Case in point, here are some high-profile examples of things that could have gone better, none of which took place in a vacuum, but unfortunately organizations moved too fast and broke too many things.

Example

Facebook and Cambridge Analytics

Outcome

A 5bn fine and reputational damage for Facebook, Cambridge Analytics went bankrupt, and overall damage to election integrity.

Alternative Actions

By moving too quickly they did not consider ethical considerations, as well as the following: Implementing and enforcing stricter data privacy and security, providing clearer user consent, improving oversight and internal standards, and restricting third-party access.

Example

Theranos and Blood Tests

Outcome

Hundreds of people lost their jobs, Theranos went from a valuation of 9bn to zero and shut down. The founder and the CEO each earned over 10 years in federal prison.

Alternative Actions

Theranos broke a lot of things in their rise and fall. They could have benefitted from higher ethical rigor and: aligned with regulatory compliance, undergone peer review and independent testing, curated different board members, and been more transparent about technology and business practices.

Example

Juul and ‘Joe Camel v.2.0.’

Outcome

Juul actively targets children with marketing and flavor selection. Is successful in getting a generation of youth addicted to harmful products.

Alternative Actions

Juul did ethically wrong things, regardless of what the competition may have been doing, to achieve success in the market. The health and well-being of domestic youth would have benefitted from the following items: Earlier FDA oversight on emerging products, omnichannel age verification, research funding, and risk transparency. And maybe not targeting children when advertising nicotine. Juul would likely have established a dominant position due to being an early mover but could have done so with less risk to public health.

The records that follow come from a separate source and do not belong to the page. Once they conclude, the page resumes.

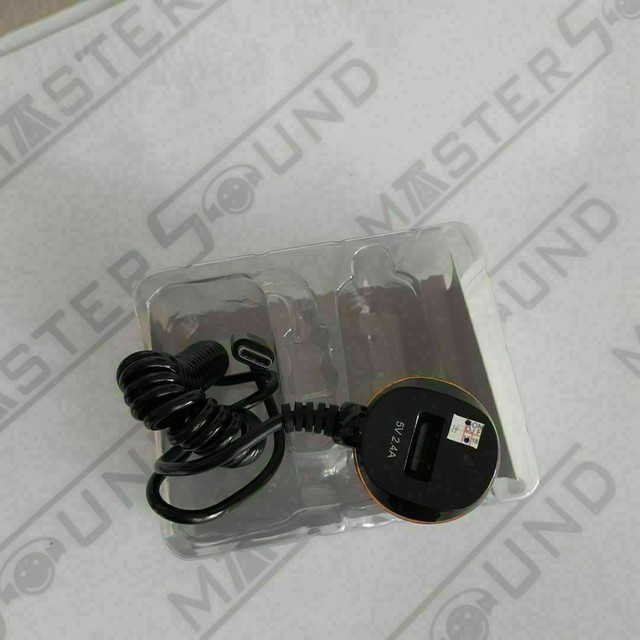 Kit carregador veícular. Com uma entrada usb, Cabo fixo com entrada tipo C. Novo.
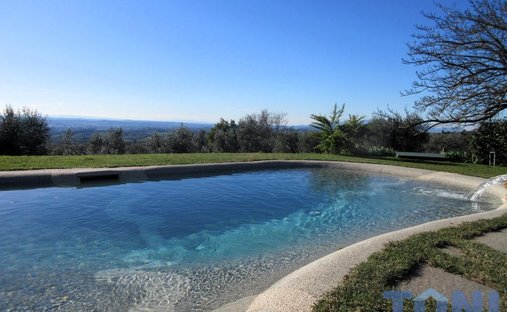 Limite, Tuscany, Italy 1
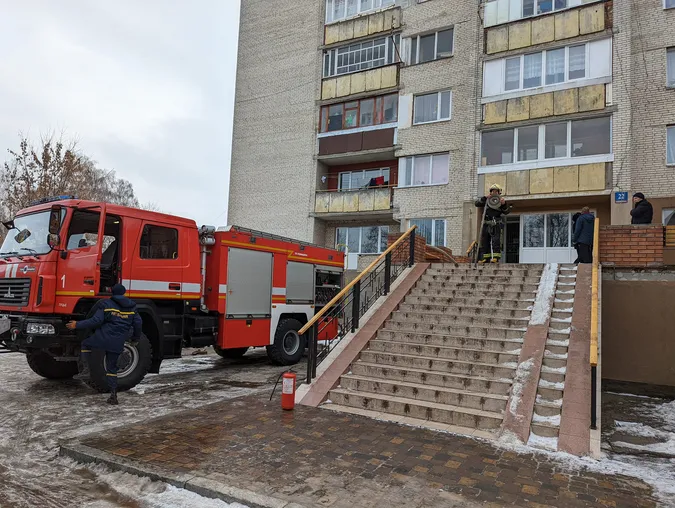 Загорівся матрац: у Луцьку гасили пожежу в гуртожитку (фото, відео)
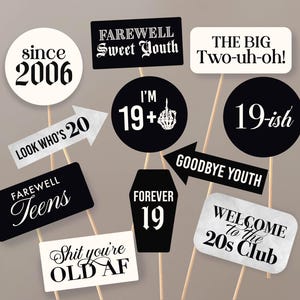 Rekwizyt do zdjęć z okazji 20. urodzin w fotobudce RIP z motywem lat nastoletnich Rekwizyt do zdjęć z okazji 20. urodzin w fotobudce RIP z motywem lat młodzieżowych Pożegnanie z moim nastoletnim rokiem, trumna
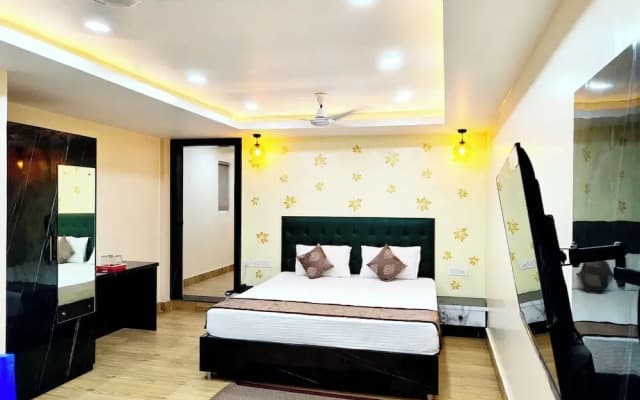 Hotel Kunj Santosh Near Jagannath Temple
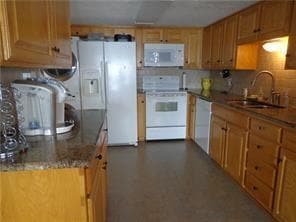Building Photo - 112 Harbor Dr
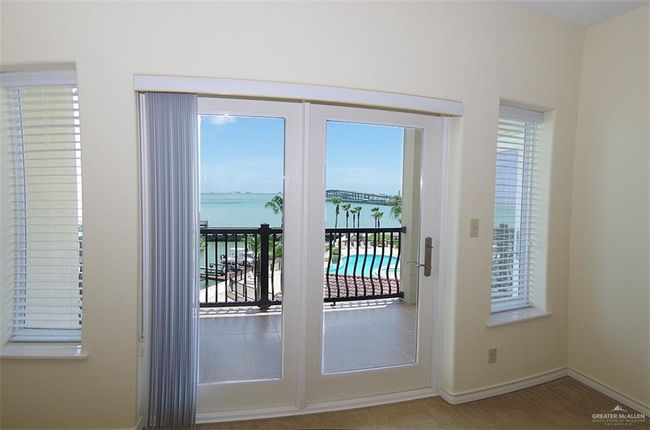 3303 - 301 E Houston St, Condo with 2 bedrooms, 2 bathrooms and null parking in Port Isabel TX | Image 20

When empowering people with the ability to ‘move fast and break things’ you run the risk of moral and ethical lapses. Sometimes the things that break are there for a reason.

One might argue that technology outpaces regulation, fueling many of the examples above. We also recognize analysis paralysis when we see it and are advocating for a more balanced proposition of thinking and making. First, let’s dig into these two popular phrases.

Moving fast & breaking things comes with risk.

The idiom at hand, ‘Move Fast & Break Things,’ has become problematic for multiple reasons:

  • It assumes that ‘something’ needs to be broken to address it.

  • It assumes you can fix something as easily as you broke it.

  • There is an implication that things are not currently moving fast enough.

  • The whole statement when taken together seems somewhat aggressive.

We should never have to choose between doing the fast thing vs. doing the right thing.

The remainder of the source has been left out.